The Orchid is an Edwardian musical comedy in two acts with music by Ivan Caryll and Lionel Monckton, a book by James T. Tanner, lyrics by Adrian Ross and Percy Greenbank, and additional numbers by Paul Rubens. The story concerns marital mix-ups and the quest of a wealthy man for a $2,000 Peruvian orchid to be sent to France. When foul play keeps the flower from reaching its destination, it is discovered that a nearly identical orchid is growing in the garden of the horticultural college.

The musical opened on 26 October 1903 at London's Gaiety Theatre and ran for 559 performances. It starred Gertie Millar, Gabrielle Ray, Harry Grattan, Edmund Payne and George Grossmith, Jr.
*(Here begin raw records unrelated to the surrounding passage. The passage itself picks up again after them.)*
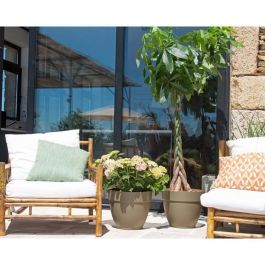 Artevasi Maceta Capri Campana Antracita 30 cm (L 30 x P 30 x H 25,2 cm) - 12L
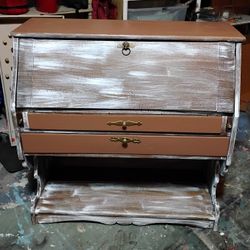 Antique Secretary Desk 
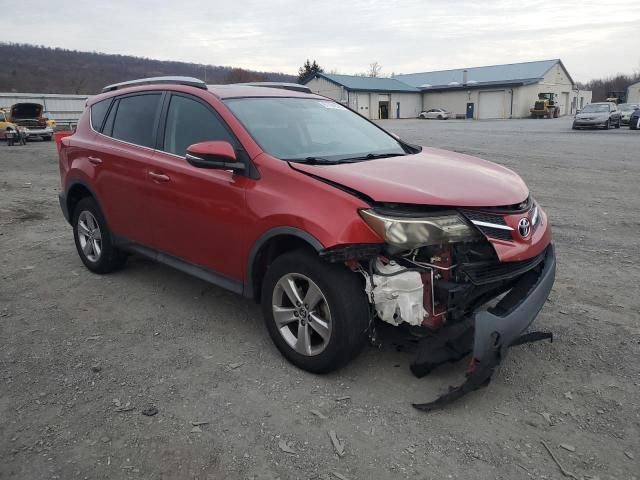 2015 Toyota Rav4 XLE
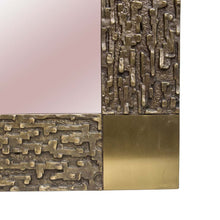 Load image into Gallery viewer, Juanita Mirror Bronze Brass Metal by Luciano Frigerio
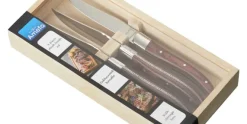 Amefa Steakmessen Royal 4-delig Donker hout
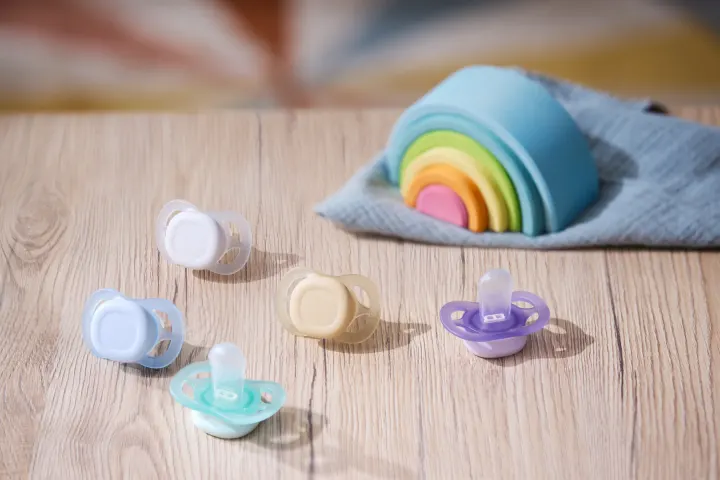 Philips Avent Ultra Start 0-2 mån Ljusrosa/Ljusgul 2 st Philips Avent
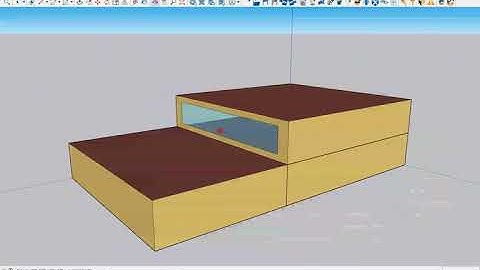 Tutorial EnergyPlus - Define Building Geometry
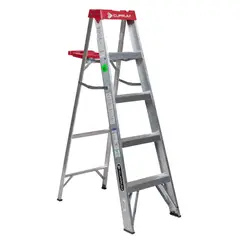 CUPRUM - Escalera Aluminio Tijera 1.52 Mts Capacidad 150 Kg.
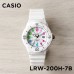 Casio Youth Analog LRW-200H-7BVDF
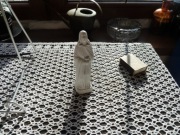 Przedwojenna figurka Matki Boskiej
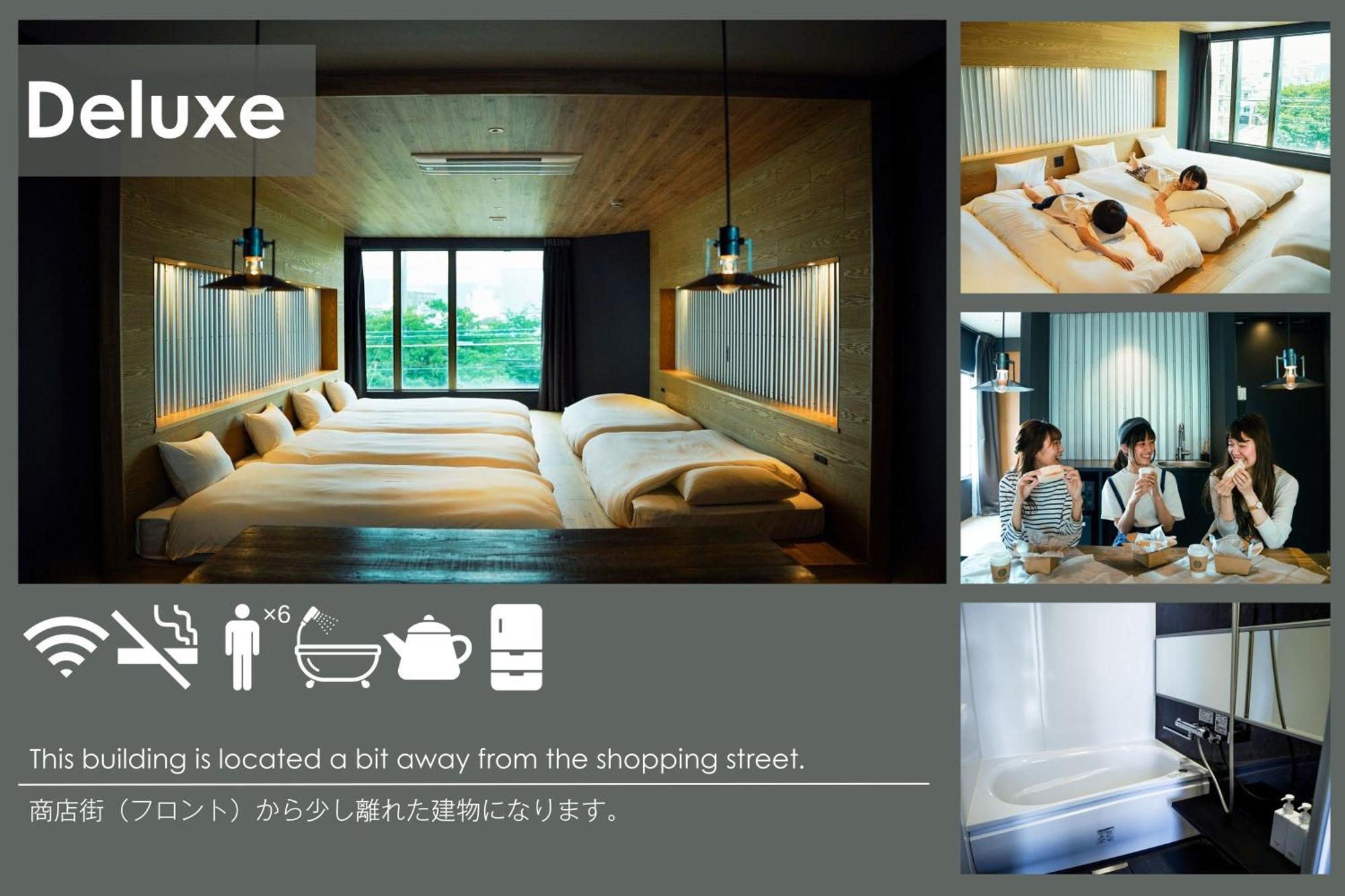 Sekai Hotel Deep Osaka Experience Yao Екстериор снимка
The show also had a successful Broadway run, revivals and a U.S. tour.

The Orchid was the first show produced at the renovated Gaiety Theatre. King Edward VII and Queen Alexandra both attended the opening night. Some of the show's most successful songs were "Liza Ann", "Little Mary", "Pushful" and "Fancy Dress".

Synopsis
Guy Scrymgeour is in love with Josephine Zaccary, but their union is opposed by his uncle, the rich and influential Mr. Chesterton, because she is the daughter of a mere orchid hunter. Meanwhile, a penniless young physician, Ronald Fausset, loves Lady Violet Anstruther. The two couples wed secretly, but the Registrar switches the names on the marriage certificates, so that Guy is joined to Lady Violet, and Ronald to Josephine.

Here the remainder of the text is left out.